Грузный мужчина в поношенной футболке и джинсах, ростом в шесть футов четыре дюйма и весом почти в 130 кг с трудом умещался на двухместной кушетке, стоявшей в углу гостиной на первом этаже его небольшого дома. Он говорил тихо, с северным акцентом и время от времени потягивал апельсиновый сок из высокого стакана в зеленую и красную полоску. Ему было тридцать два года.

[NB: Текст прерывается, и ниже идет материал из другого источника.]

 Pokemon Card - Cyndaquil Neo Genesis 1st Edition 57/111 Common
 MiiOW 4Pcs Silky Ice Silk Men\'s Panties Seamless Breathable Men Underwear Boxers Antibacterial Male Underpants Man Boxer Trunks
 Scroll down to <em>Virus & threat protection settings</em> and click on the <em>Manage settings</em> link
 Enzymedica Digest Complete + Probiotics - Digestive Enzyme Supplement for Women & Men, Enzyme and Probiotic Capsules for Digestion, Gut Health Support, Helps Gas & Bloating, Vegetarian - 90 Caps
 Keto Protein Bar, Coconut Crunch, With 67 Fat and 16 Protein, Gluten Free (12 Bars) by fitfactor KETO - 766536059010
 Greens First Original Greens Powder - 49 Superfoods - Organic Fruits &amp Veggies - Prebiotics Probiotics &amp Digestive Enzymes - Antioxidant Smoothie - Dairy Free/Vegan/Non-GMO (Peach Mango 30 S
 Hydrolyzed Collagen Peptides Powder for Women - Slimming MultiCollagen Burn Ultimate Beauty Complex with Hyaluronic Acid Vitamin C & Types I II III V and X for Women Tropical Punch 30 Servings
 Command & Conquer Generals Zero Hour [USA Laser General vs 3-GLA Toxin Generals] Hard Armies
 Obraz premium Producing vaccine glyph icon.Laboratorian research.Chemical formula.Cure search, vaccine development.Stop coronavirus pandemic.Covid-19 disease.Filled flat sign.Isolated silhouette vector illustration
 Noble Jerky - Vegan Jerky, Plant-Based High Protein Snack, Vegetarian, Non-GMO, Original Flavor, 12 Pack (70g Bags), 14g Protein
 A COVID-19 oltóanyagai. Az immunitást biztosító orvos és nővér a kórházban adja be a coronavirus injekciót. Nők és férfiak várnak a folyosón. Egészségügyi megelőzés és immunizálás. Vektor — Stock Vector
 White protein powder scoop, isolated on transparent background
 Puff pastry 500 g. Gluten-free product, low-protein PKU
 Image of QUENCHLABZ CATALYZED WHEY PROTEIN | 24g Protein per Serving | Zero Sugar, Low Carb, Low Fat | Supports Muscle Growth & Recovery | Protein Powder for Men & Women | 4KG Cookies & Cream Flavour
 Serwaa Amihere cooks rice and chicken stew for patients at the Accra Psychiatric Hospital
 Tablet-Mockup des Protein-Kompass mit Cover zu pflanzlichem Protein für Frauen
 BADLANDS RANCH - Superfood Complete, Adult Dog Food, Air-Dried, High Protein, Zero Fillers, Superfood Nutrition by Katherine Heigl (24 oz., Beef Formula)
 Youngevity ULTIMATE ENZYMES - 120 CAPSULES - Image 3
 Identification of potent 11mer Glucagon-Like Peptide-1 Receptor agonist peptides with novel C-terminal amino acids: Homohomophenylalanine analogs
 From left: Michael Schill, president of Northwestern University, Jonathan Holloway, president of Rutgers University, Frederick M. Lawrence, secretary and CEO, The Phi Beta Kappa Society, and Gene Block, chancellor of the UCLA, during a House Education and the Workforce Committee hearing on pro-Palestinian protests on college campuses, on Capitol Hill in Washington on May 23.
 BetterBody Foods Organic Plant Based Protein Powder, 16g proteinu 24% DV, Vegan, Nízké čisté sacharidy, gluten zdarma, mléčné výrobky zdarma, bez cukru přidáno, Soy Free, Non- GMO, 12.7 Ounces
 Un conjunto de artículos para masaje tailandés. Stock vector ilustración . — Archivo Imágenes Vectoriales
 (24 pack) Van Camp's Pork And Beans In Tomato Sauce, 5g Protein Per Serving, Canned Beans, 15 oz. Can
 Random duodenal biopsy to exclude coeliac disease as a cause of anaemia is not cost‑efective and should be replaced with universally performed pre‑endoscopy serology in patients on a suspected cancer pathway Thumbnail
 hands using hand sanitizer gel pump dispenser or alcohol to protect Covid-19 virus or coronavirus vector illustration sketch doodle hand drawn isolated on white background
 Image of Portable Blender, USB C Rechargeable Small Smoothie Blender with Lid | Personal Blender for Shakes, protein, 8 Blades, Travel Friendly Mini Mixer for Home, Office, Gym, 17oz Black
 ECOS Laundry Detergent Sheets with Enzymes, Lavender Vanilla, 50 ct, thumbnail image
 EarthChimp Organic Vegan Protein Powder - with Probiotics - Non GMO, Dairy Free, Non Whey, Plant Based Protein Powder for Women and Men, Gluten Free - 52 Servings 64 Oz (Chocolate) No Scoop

— О тюрьме… Что вам рассказать о девяти годах тюрьмы, такого, что другие не рассказывали. Мне было девятнадцать, когда я получил срок — к тому времени я уже просидел почти год в камере предзаключения. Мои домашние меня не позабыли. Хотя я сидел в Брикстоне — дожидался там суда, а они жили здесь, на севере, меня регулярно навещали. Они знали — и я знал, — что мне грозит пожизненное и никакого иного варианта быть не может. Нас только одно волновало — скоро ли состоится суд, и потом — сколько мне предстоит сидеть. Очень трудно сейчас описывать свои ощущения после того, как мне огласили приговор. Наверное, облегчение: ожидание кончилось. Родители были просто убиты, хотя я им сразу сказал, что надеяться не на что. А я смирился. Я был соучастником бессмысленного убийства. Убили человека, которого я не знал, не ссорился с ним, даже почти и не разговаривал. Так если честно — какое наказание я должен был понести? На этот вопрос ответить невозможно: все, что можно сказать, — так это то, что я заслуживал куда более суровой кары!